The ratings outlook for 120 oil & gas and 55 mining companies is being reconsidered, with Moody’s Investors Service announcing Friday that it has placed the ratings on review for downgrade.
The reviews “reflect a mix of declining prices that are near multi-year lows, weakening demand and a prolonged period of oversupply that will continue to significantly stress the credit profiles of companies in these sectors,” notes a statement from Moody’s.
In addition, the actions “reflect Moody’s effort to recalibrate the ratings in the oil & gas and mining & metals portfolios to align with the fundamental shifts in the credit conditions of these sectors,” the press release adds.
The announcement comes on the heels of several recent rating-related statements issued by Moody’s for the energy sector, including in Canada, the United States and Latin America.
Last Thursday, Moody’s placed the ratings of 19 exploration and production (E&P), and oilfield services companies in Canada on review for downgrade.
The range of possible outcomes upon conclusion of the review for given issuers varies from possible confirmation of ratings to multi-notch downgrades.
“Oil prices have deteriorated substantially in the past few weeks and have reached nominal price lows not seen in more than a decade,” Moody’s notes in its ratings rationale.
“We see a substantial risk that prices may recover much more slowly over the medium term than many companies expect, as well as a risk that prices might fall further. Even under a scenario with a modest recovery from current prices, producing companies and the drillers and service companies that support them will experience rising financial stress with much lower cash flows,” it continues.
Moody’s points out that while the review for downgrade considers focuses on companies rated in the range from A1 to B3, the firm is also re-evaluating higher and lower rated companies in the context of industry conditions.
“The higher rated companies on average are somewhat more resilient to low oil prices and Moody’s has recently downgraded many of the lower-rated companies,” the statement explains.
Moody’s reports that production now exceeds demand by about 2 million barrels per day, thereby adding to already high global oil stocks.
“Lower oil prices will further weaken cash flows for E&P companies and the upstream portion of integrated oil and gas companies,” the statement explains.
“This will cause further deterioration in financial ratios, including deeper negative free cash flow. Most companies are unable to internally fund sustaining levels of capital spending at current market prices,” Moody’s adds.
In addition, “while integrated oil and gas companies benefit from the profitability of their downstream operations, the upstream operations represent a much larger part of the capital employed and cash flow for most of these companies.”

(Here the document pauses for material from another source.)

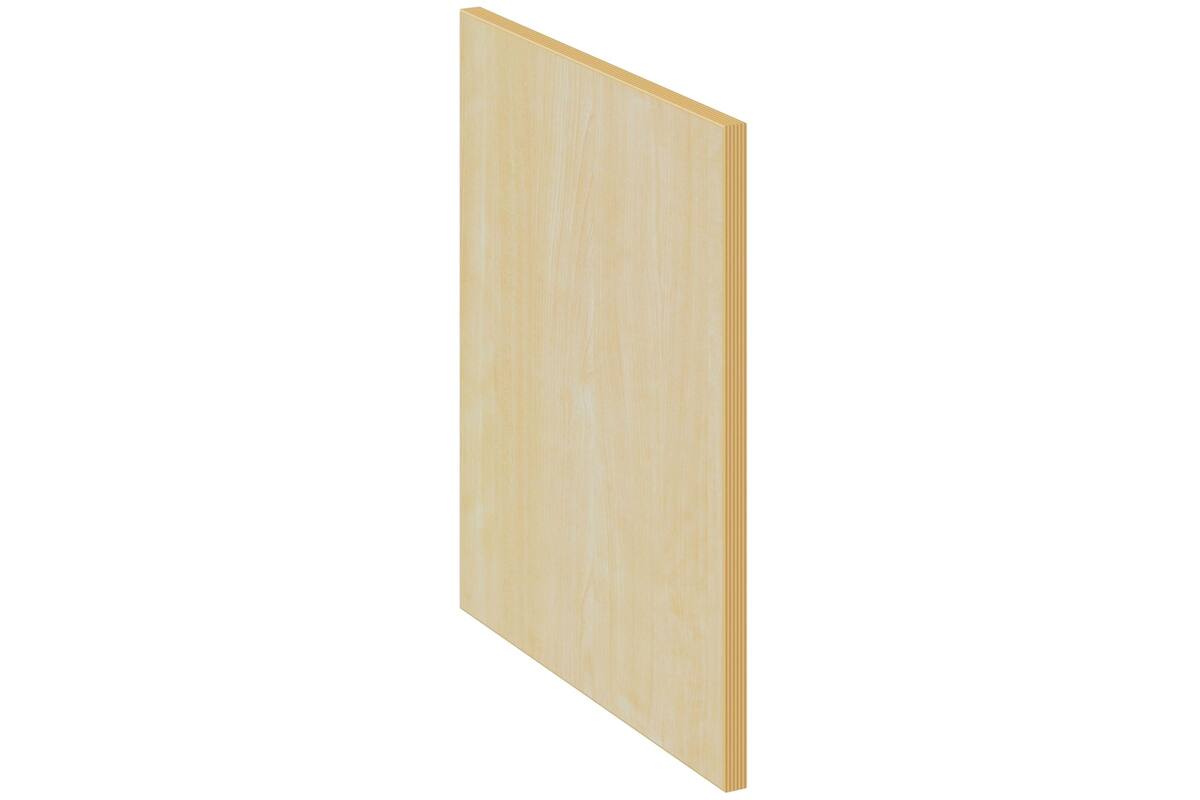 Zijwand voor kast Modulair, ahorn 40 x 45,7 cm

With regard to the drilling and oilfield services (OFS) sector, Moody’s notes that it expects OFS sector EBITDA (earnings before interest, taxes, depreciation and amortization) to drop by another 25% to 30% in 2016, “testing the viability of the capital structures of many of these businesses.” Credit quality is expected to deteriorate for all OFS players in 2016.
“Drillers with significant contract expirations will also suffer material credit degradation as contracts are either not renewed or are renewed at rates that produce far less revenue,” Moody’s expects.
“Multi-notch downgrades are particularly likely among issuers whose activities are centered in North America, where natural gas prices have declined dramatically along with oil prices. Moody’s expects to conclude a majority of the reviews by the end of the first quarter,” the statement adds.